Well, see if anyone from the 67 leafs are still around (The Chief?), "lose" him, and then it's a sure thing!


----------



## darmil (11 Jun 2006)

I think its going to be like San Jose.Bring the cup home. GO OILERS GO!!


----------



## IN HOC SIGNO (11 Jun 2006)

MikeH said:
			
		

> I think its going to be like San Jose.Bring the cup home. GO OILERS GO!!



Hope so...go oilers.


----------



## Booked_Spice (11 Jun 2006)

We won.. without Rollie. ( I still miss him)

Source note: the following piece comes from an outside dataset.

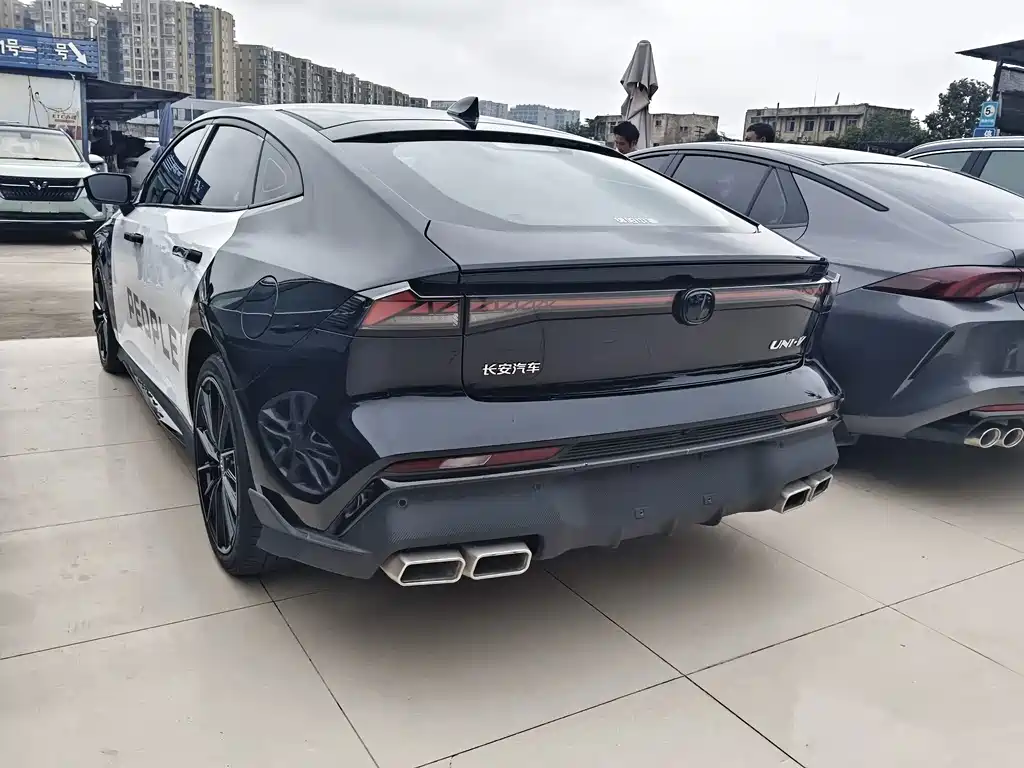 Changan UNI-V — миниатюра 15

However just goes to show that we can step it up as a team and pull it off

Come on Boys lets bring it home.. GO OILERS


----------



## Leonidio (12 Jun 2006)

I have ALOT of faith in the oilers,the dedication and motivation these guys have gave them the chance to be in the final,and I hope,I really hope they bring the cup to CANADA.


----------



## Gunner (12 Jun 2006)

1-1 after 1.  Oilers dominating but they need to shoot the puck at the net...where's their powerplay!


----------



## Pea (12 Jun 2006)

Gunner said:
			
		

> 1-1 after 1.  Oilers dominating but they need to shoot the puck at the net...where's their powerplay!



Exactly!! Lets go Oilers!! ANother great round of anthems too!


----------



## AKA Sam (12 Jun 2006)

Gunner said:
			
		

> 1-1 after 1.  Oilers dominating but they need to shoot the puck at the net...where's their powerplay!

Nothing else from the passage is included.